§ ASSIGNED TASK: Begin the copy at the line that contains "Windows 11 阻止通过远程桌面连接进行连接，直到现有会话超时", end it at the last line of the entries below, keep every word exact, and include no pictures.

§ MATERIAL PROVIDED:
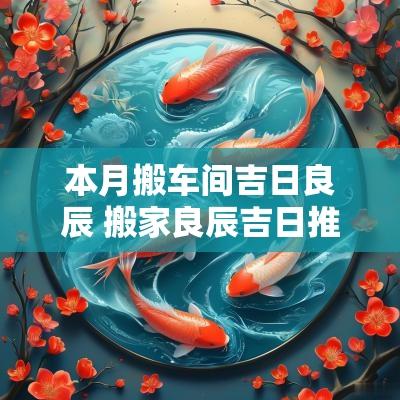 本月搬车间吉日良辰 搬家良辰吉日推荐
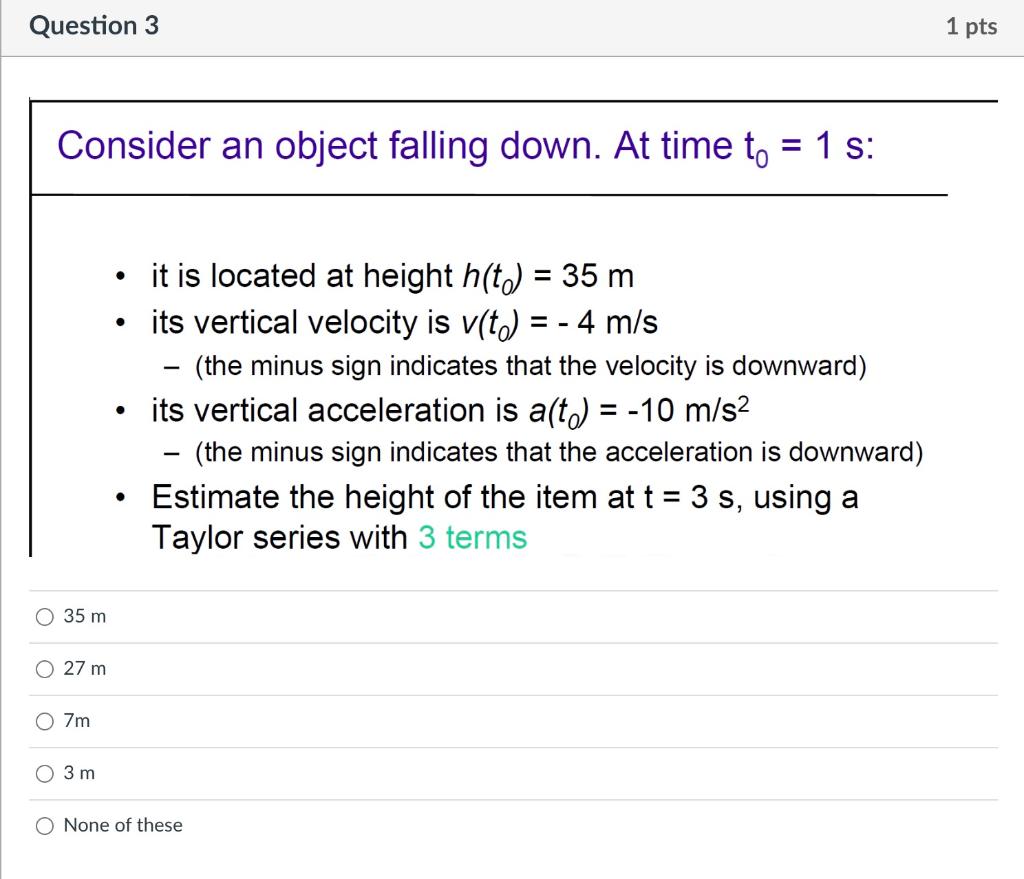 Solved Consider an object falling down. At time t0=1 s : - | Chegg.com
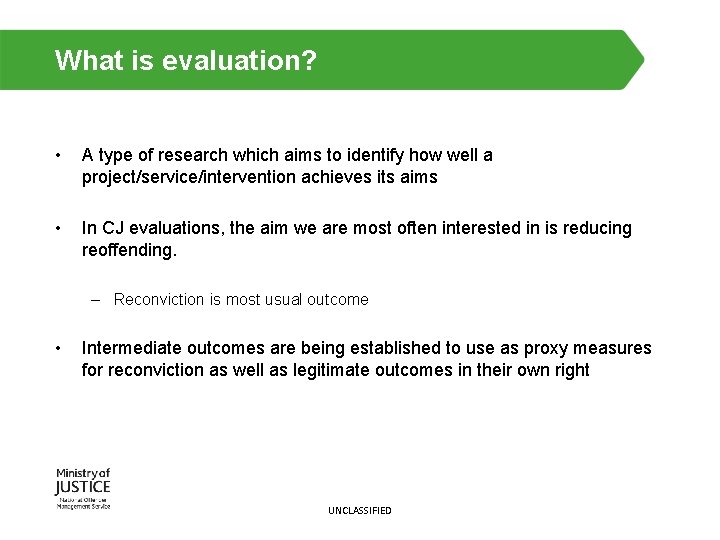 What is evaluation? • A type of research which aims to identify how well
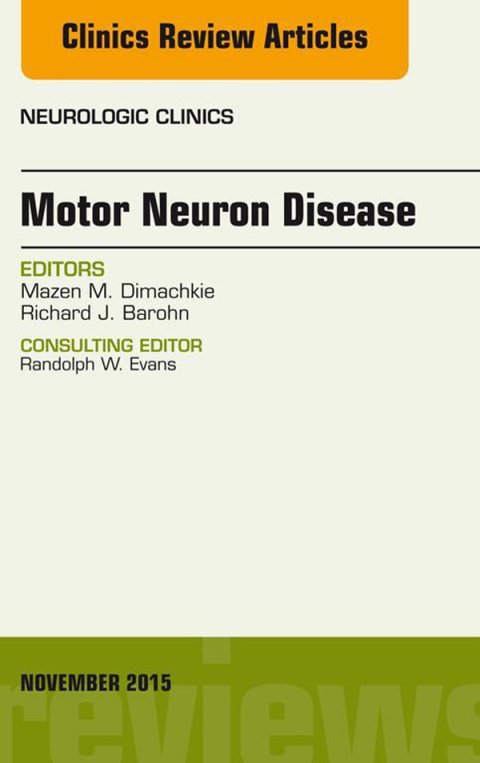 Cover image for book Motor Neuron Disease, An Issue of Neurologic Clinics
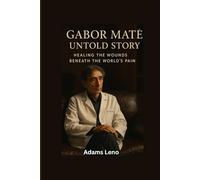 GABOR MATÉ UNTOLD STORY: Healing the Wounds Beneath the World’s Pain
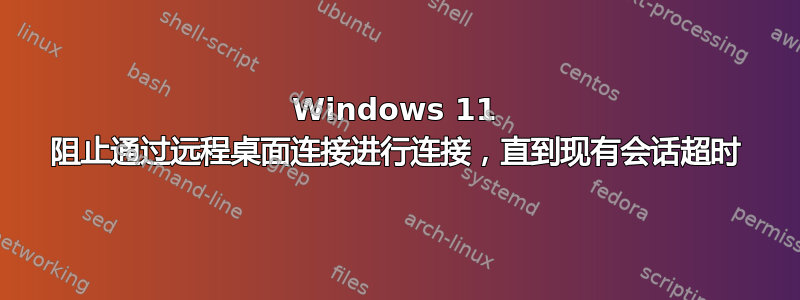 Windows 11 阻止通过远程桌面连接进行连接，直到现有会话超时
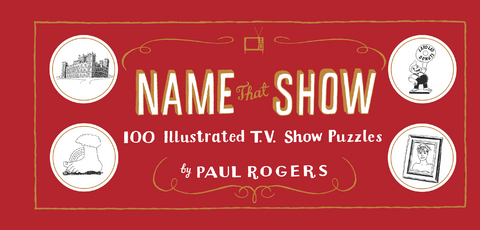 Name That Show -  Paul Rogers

§ SOLUTION:
 Windows 11 阻止通过远程桌面连接进行连接，直到现有会话超时
 Name That Show -  Paul Rogers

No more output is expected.